_What to produce_. Pictures must be kept out of the copy. Every entry is to be duplicated exactly.
■ ■ ■
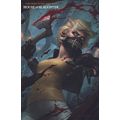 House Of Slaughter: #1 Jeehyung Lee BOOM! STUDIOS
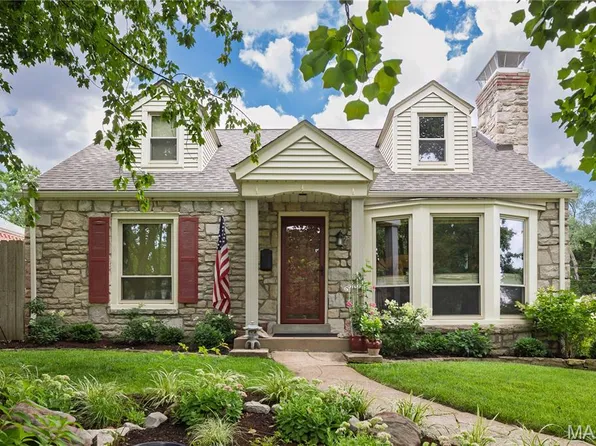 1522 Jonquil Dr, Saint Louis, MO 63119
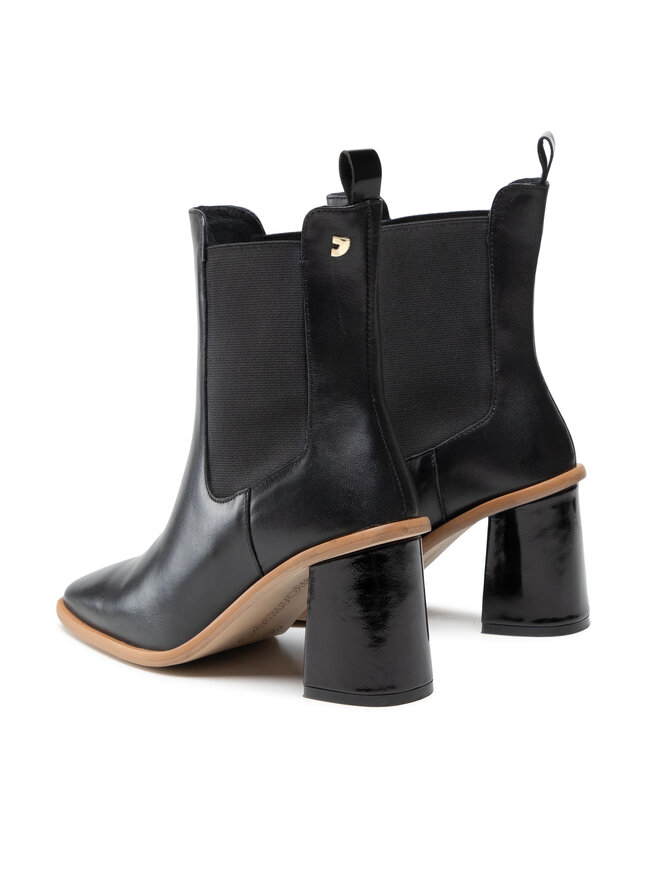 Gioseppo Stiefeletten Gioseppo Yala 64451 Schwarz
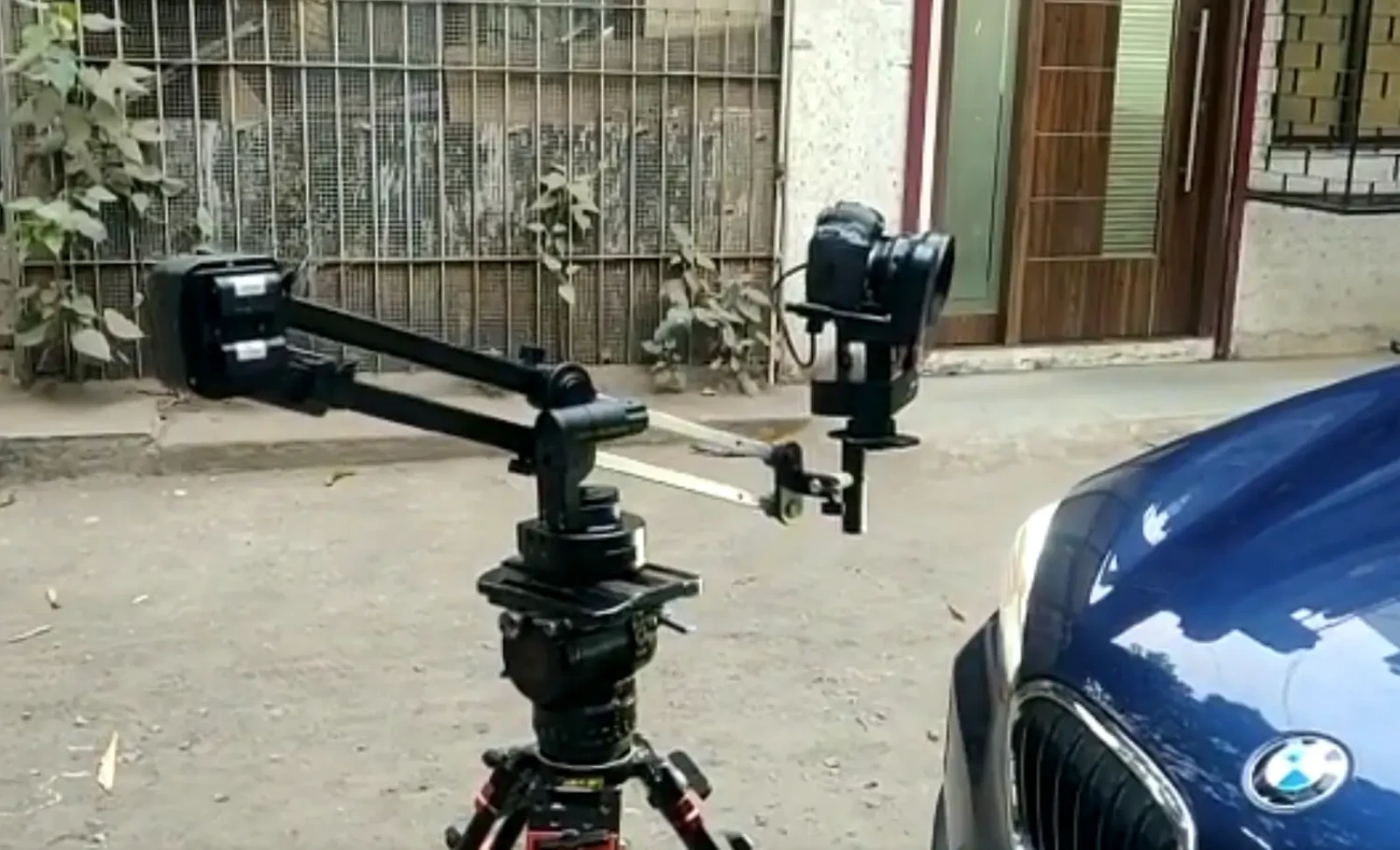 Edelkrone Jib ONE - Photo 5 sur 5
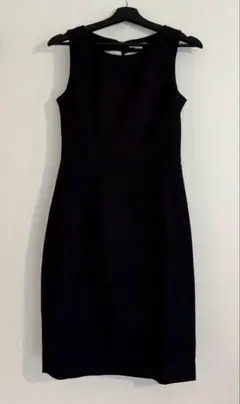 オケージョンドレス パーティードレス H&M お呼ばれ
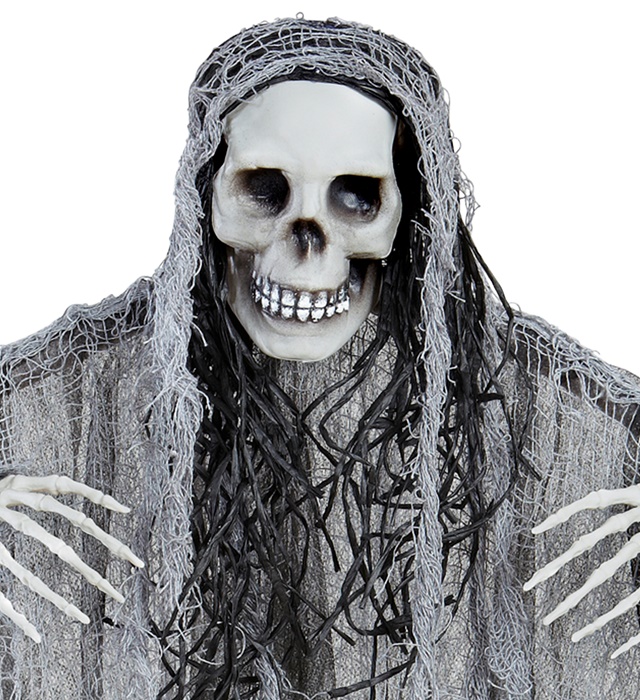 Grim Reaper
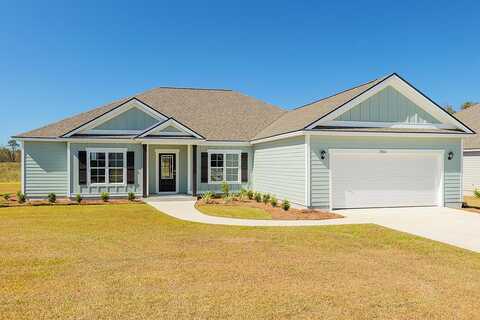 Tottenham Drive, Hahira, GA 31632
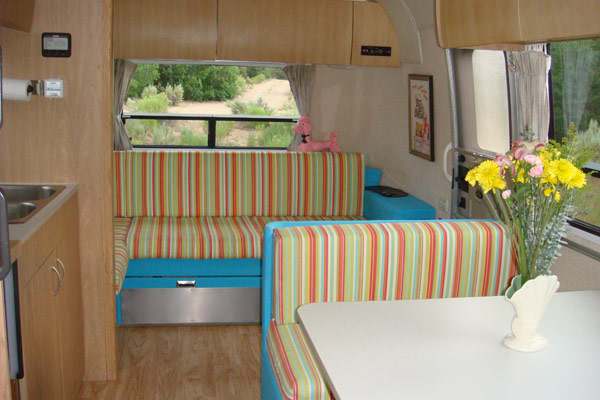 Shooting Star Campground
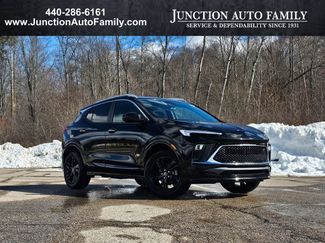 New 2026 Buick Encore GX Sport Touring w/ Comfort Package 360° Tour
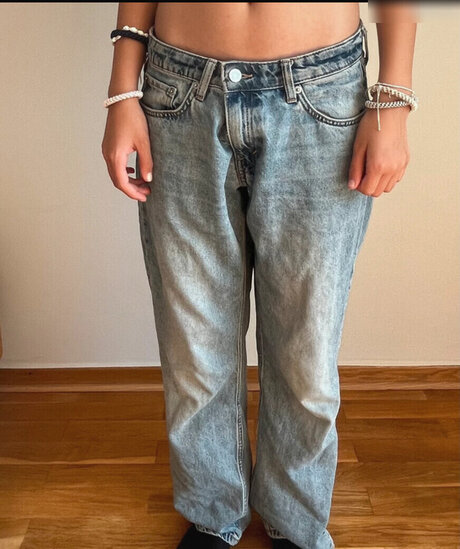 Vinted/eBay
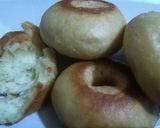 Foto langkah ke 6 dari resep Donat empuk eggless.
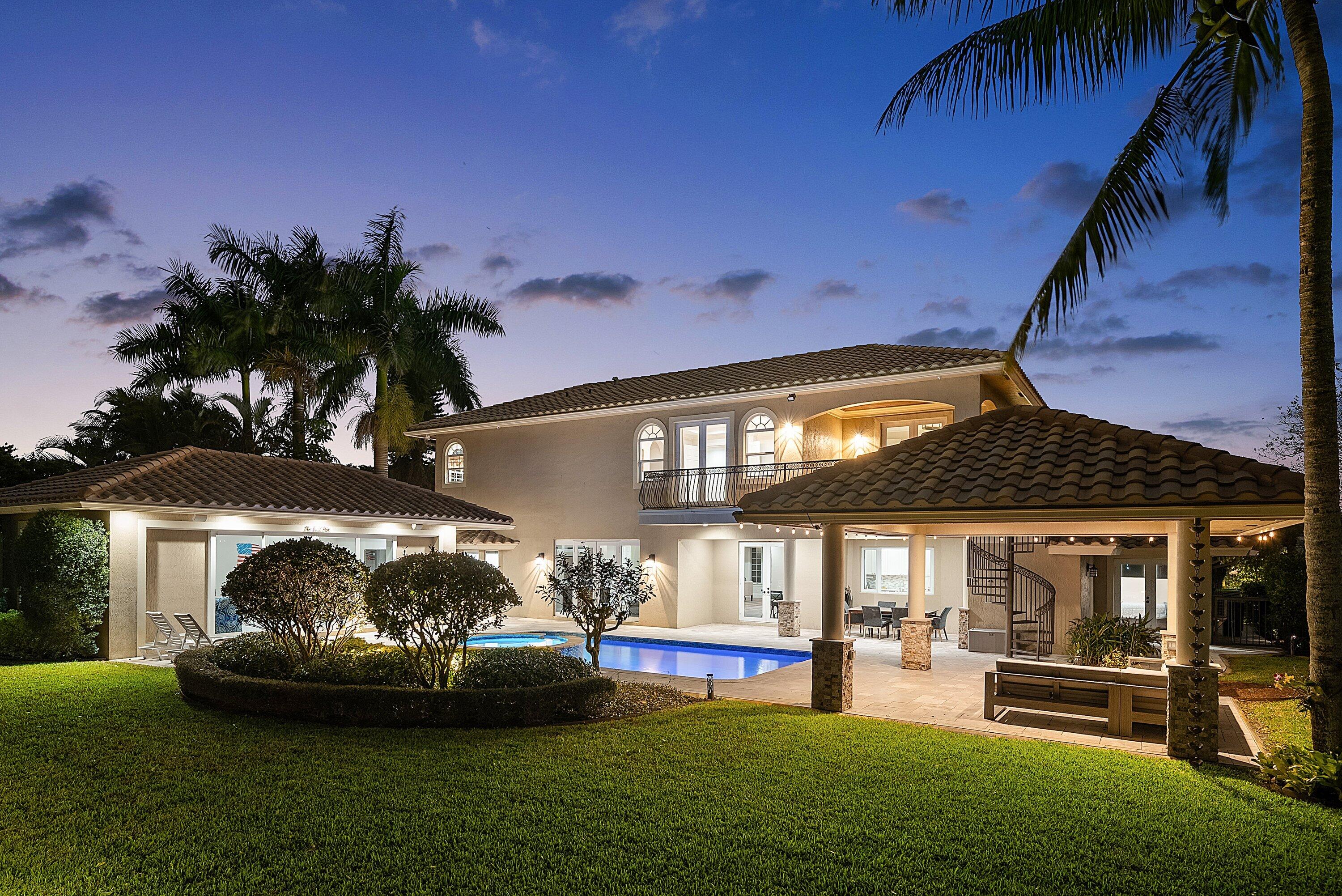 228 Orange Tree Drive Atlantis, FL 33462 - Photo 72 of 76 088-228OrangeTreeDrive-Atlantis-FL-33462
■ ■ ■
_Output of the exercise_.
 House Of Slaughter: #1 Jeehyung Lee BOOM! STUDIOS
 1522 Jonquil Dr, Saint Louis, MO 63119
 Gioseppo Stiefeletten Gioseppo Yala 64451 Schwarz
 Edelkrone Jib ONE - Photo 5 sur 5
 オケージョンドレス パーティードレス H&M お呼ばれ
 Grim Reaper
 Tottenham Drive, Hahira, GA 31632
 Shooting Star Campground
 New 2026 Buick Encore GX Sport Touring w/ Comfort Package 360° Tour
 Vinted/eBay
 Foto langkah ke 6 dari resep Donat empuk eggless.
 228 Orange Tree Drive Atlantis, FL 33462 - Photo 72 of 76 088-228OrangeTreeDrive-Atlantis-FL-33462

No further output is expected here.